I have an admission to make, I always mistrust anything that looks too complicated or uses "extra" bits of filler. I particularly dislike the "artificial" use of ⊢ in train constructs. That said, I have to admit they look clever.
I saw somewhere recently from Roger (≠⊆⊢) and thought how elegant but I rarely have one character as a separator so tried it for 2↑',' - well not that expression exactly as it clearly gives an error when ⍺ is not scalar but a similar train.
So I thought what about for the vector case.
'.,'(~⍤∊⍨⊆⊢)'ab,cd,efg.hij'
'.,'{⍺(~⍤∊⍨⊆⊢)⍵}'ab,cd,efg.hij'
non train without parenthesis
'.,'{⍵⊆⍨~⍵∊⍺}'ab,cd,efg.hij'
non train with parenthesis
'.,'{(~⍵∊⍺)⊆⍵}'ab,cd,efg.hij'
I still think the last one is clearer and is more maintainable.
┌──┬──┬───┬───┐
│ab│cd│efg│hij│
└──┴──┴───┴───┘
and even Roger's can be rewritten
'.' (≠⊆⊢) 'ab.cd.efg.hij'
'.,'{⍵⊆⍨⍵≠⍺}'ab,cd,efg.hij'
'.'{(⍺≠⍵)⊆⍵} 'ab.cd.efg.hij'
I just can't help feeling a move towards white noise isn't an aid to a tool of thought for most people. I was wondering how other people felt.
My question is are we trying to appear to be too clever (to gratify ourselves and our intelligence) for what we hope will become a more generally accepted language? White noise must surely put most people off?
A train too far?
Forum rules
This forum is for discussing APL-related issues. If you think that the subject is off-topic, then the Chat forum is probably a better place for your thoughts !

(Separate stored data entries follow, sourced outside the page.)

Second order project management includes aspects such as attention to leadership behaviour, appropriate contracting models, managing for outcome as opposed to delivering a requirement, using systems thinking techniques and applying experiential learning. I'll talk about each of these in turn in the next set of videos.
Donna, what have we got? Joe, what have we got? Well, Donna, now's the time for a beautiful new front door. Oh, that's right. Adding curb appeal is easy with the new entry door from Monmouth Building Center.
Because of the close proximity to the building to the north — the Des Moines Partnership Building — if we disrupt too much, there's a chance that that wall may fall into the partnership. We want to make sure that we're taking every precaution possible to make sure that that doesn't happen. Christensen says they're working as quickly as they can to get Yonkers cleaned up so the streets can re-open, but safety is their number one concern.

This forum is for discussing APL-related issues. If you think that the subject is off-topic, then the Chat forum is probably a better place for your thoughts !
- MikeHughes
- Posts: 86
- Joined: Thu Nov 26, 2009 9:03 am
- Location: Market Harborough, Leicestershire, UK
-
- Posts: 62
- Joined: Sat Sep 12, 2015 1:40 pm
Re: A train too far?
A good middle ground solution:
'.,'({~⍵∊⍺}⊆⊢)'ab,cd,efg.hij'
Most unfamiliar languages start out as white noise. I admit I saw this post only a day after seeing Roger Hui use (=⊂⊢), which has the need for (1∘↓¨) and is thus less elegant.

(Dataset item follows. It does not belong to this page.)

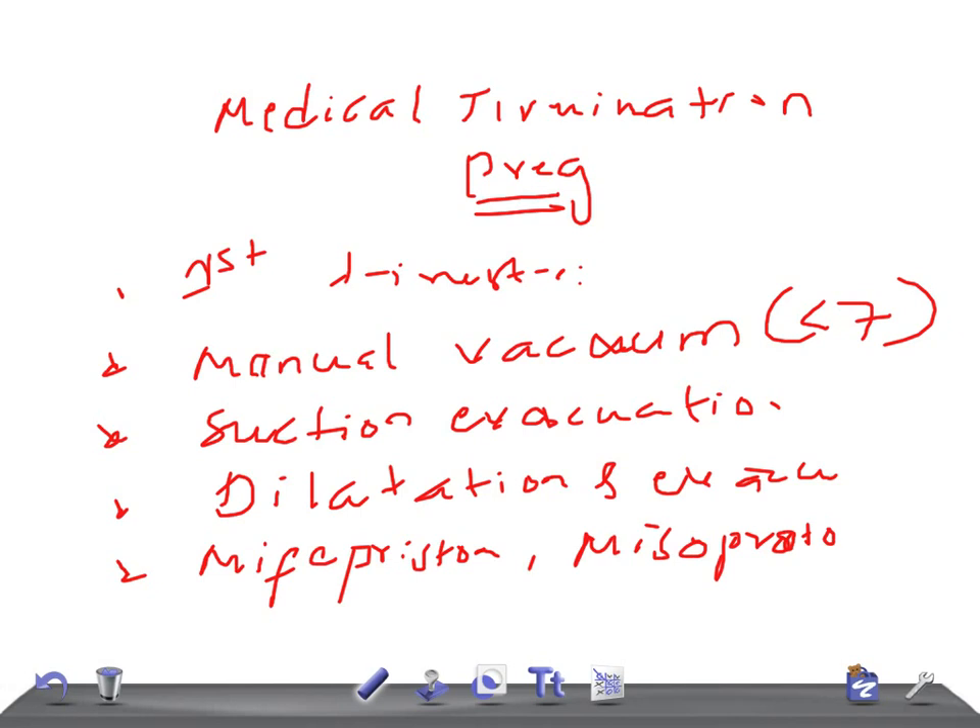So I've listed out the methods of medical termination of pregnancy in the first trimester. Thank you so much for watching this video. Take care.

'.,'({~⍵∊⍺}⊆⊢)'ab,cd,efg.hij'
Most unfamiliar languages start out as white noise. I admit I saw this post only a day after seeing Roger Hui use (=⊂⊢), which has the need for (1∘↓¨) and is thus less elegant.
-
- Posts: 94
- Joined: Sat Nov 28, 2009 3:12 pm
Re: A train too far?
Mike, nice to know that you are alive and kicking!

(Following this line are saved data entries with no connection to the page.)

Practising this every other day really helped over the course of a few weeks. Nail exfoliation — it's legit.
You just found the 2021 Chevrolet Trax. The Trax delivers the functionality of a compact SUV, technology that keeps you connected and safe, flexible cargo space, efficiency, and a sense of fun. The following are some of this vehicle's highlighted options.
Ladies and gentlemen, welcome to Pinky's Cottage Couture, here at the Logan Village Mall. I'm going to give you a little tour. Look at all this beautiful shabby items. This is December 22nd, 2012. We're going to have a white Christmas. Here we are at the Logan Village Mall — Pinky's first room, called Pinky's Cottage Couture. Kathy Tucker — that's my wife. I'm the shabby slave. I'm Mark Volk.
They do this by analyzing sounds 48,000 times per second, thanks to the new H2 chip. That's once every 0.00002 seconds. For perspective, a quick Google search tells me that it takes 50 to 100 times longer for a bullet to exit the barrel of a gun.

What about using the following train for the vector case:
For example
I have (slowly) started to like the function trains - in some nice cases they are even more efficient as my beloved d-fns :)
-Veli-Matti
What about using the following train for the vector case:
((~∊⍨)⊆⊢)
For example
'.,'((~∊⍨)⊆⊢)'ab,cd,efg.hij'
ab cd efg hij
I have (slowly) started to like the function trains - in some nice cases they are even more efficient as my beloved d-fns :)
-Veli-Matti
-
- Posts: 238
- Joined: Thu Jul 28, 2011 10:53 am
Re: A train too far?
0. Michael, thank you for your comments.
I did not invent the (≠⊆⊢) phrase. I believe I first saw it in Adám Brudzewsky’s code. For whatever it’s worth, in my code I never try to show how clever I am. I do have a personal quality scale: bad, OK, good, wow, “monument quality, suitable for presentation to the Galactic Emperor”. For examples of the last category, please see [Hui 2010; Hui 2020]. (≠⊆⊢) is not in the last category. (Sorry, Adám. ☺)
1. I dislike your use of the phrase “white noise”. I consider it pejorative. You know, “tacit definition” fans can consider ⍺ and ⍵ to be “white noise”, but I hope we never tell the dfnistas that. (FWIW, I consider myself a dfnista as well as a tacit definition fan.) One man’s white noise can be music to another’s ears.
Don’t what is and what isn’t clear depend on familiarity? There are people who view dfns with the same feelings as you do about tacit defns (“trains”).
2. You say you rarely have one character as a separator. Well, I myself rarely have more than one character as a sparator, and in my case (≠⊆⊢) serves quite nicely.
Re the expressions you presented for the vector separator case:
3. Finally, I note that if Dyalog APL ever implements ∌ (U+220C) (probably not ∉ (U+2209) because ∊ has a defect built into it from the 1960s), then your vector separator case can be (∌⊆⊣).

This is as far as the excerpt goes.